Analyzing and Characterizing Heme Binding Peptides

Self-assembling peptides have a variety of uses in biological materials science, from conductive nanowires to applications in biomedicine. This research hopes to facilitate future heme binding ⍺-helical peptide designs by employing machine learning methods to identify patterns in peptide sequences that promote heme binding while maintaining an ⍺-helical structure to mitigate the bias in previous research towards β-sheet forming peptides.

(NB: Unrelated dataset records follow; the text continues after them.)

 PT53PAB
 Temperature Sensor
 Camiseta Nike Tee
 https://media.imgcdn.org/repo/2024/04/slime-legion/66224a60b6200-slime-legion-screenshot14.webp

Physical and structural properties of the peptides determined from their sequences, including charge distribution, ⍺-helical propensity, heme binding propensity, and hydrophobic interactions motivated the rational design of initial experimental peptide sequences. >200 ixteen-amino-acid-long peptide sequences were synthesised using Solid Phase Peptide Synthesis, and characterized using Fourier Transformation Infrared spectroscopy, Circular Dichroism (CD) spectroscopy and Ultraviolet-visible (UV-Vis) spectroscopy to assess secondary structure and heme binding efficiency.

A linear combination analysis routine of the CD and UV/vis data was developed using python to automate and quantify the fidelity of ⍺-helix formation and heme binding. These data will then be used as part of the experimental validation method in our machine learning protocol, consisting of a Long Short Term Memory model that was trained on the Protein Data Bank and experimental data, aimed to generate potential patterns of successful structures for experimentation.